**WORK REQUEST:** The following data needs to be repeated exactly, with all images excluded.

**DATA BLOCK:**
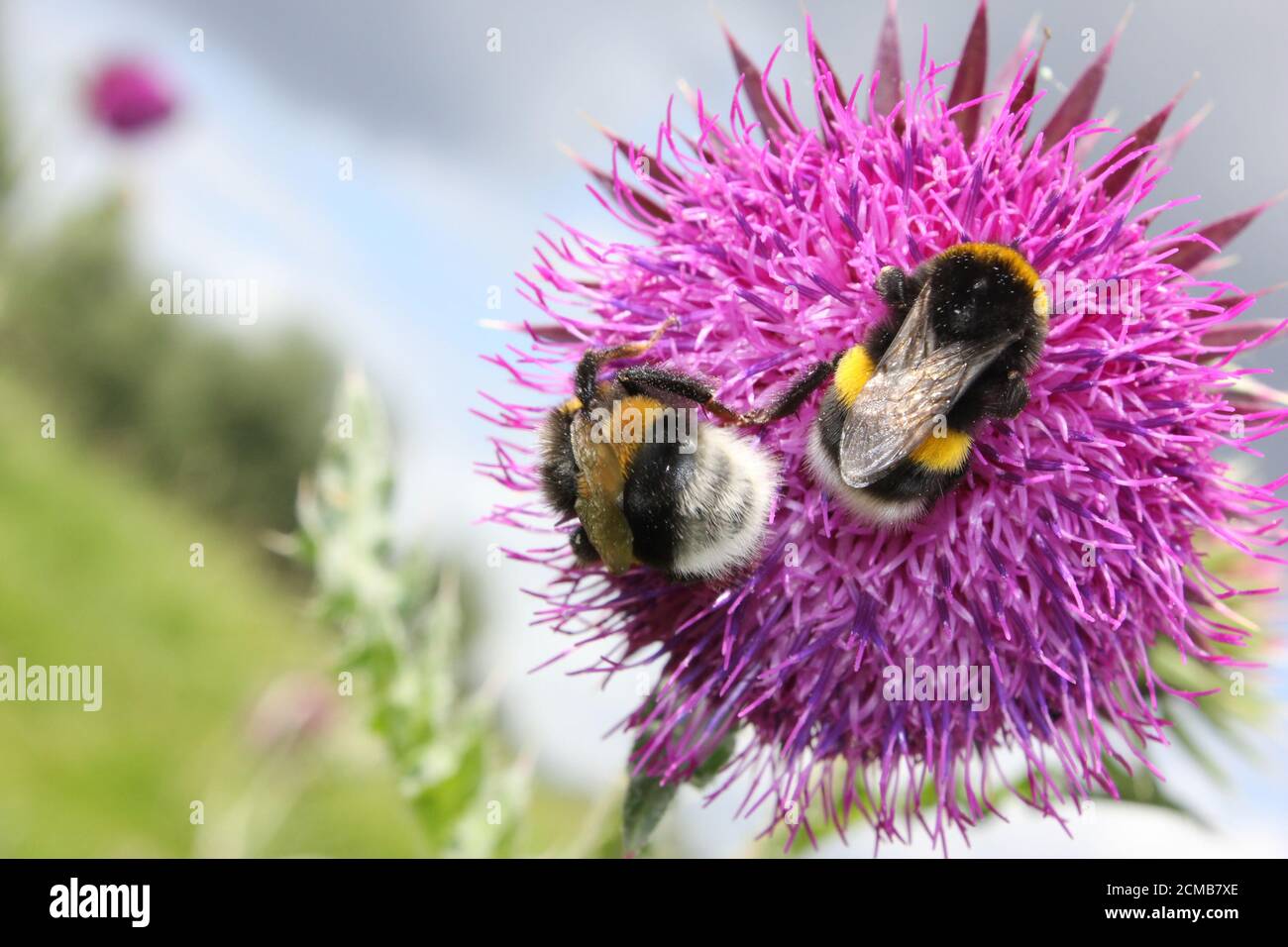abeille sur une fleur Banque D'Images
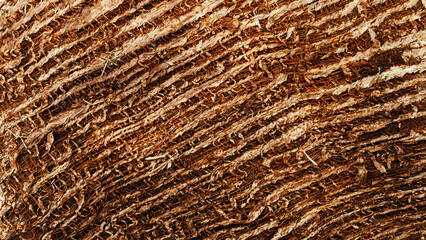 Close up brown Coconut fiber texture banner background, dried old coconut coir top view natural pattern, eco materials for recycling, detail textured wooden surface, dark color, low depth of field
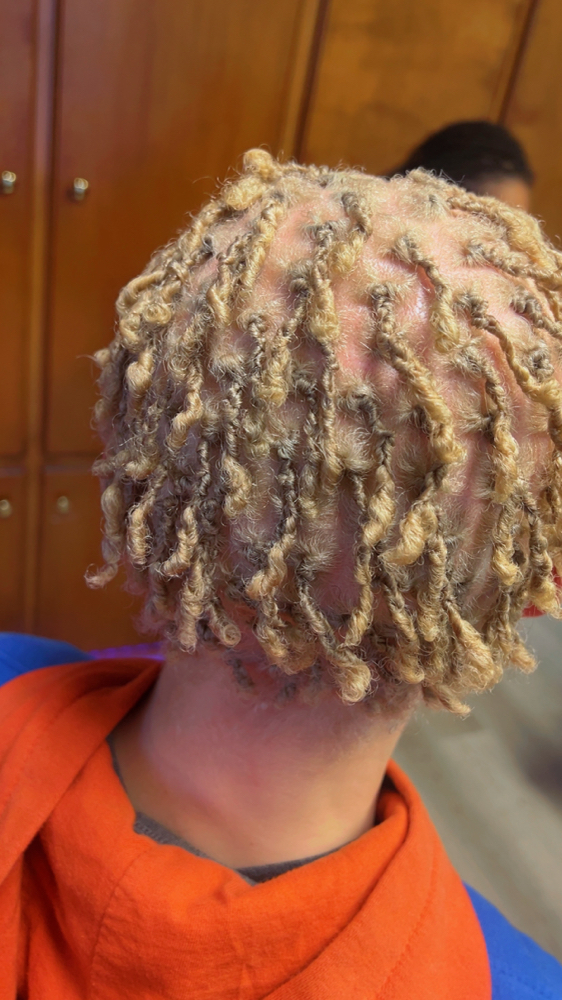 Start Locs at The Xperience Salon & Spa in Murfreesboro, TN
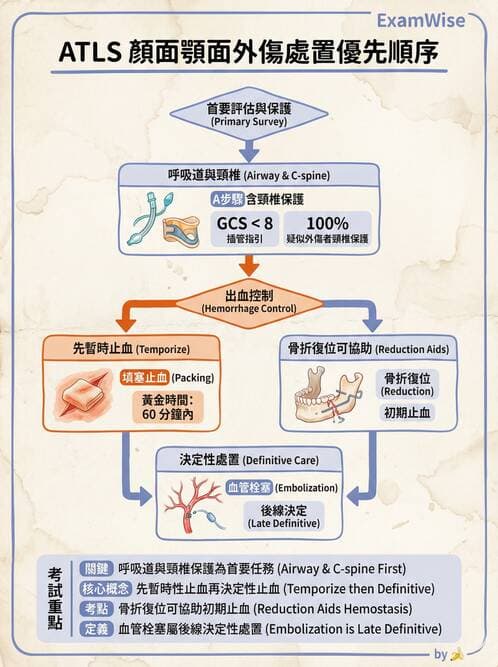 專師 - 創傷初評與呼吸道 - AI 圖文解析預覽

**EXERCISE SOLUTION:**
abeille sur une fleur Banque D'Images
 Close up brown Coconut fiber texture banner background, dried old coconut coir top view natural pattern, eco materials for recycling, detail textured wooden surface, dark color, low depth of field
 Start Locs at The Xperience Salon & Spa in Murfreesboro, TN
 專師 - 創傷初評與呼吸道 - AI 圖文解析預覽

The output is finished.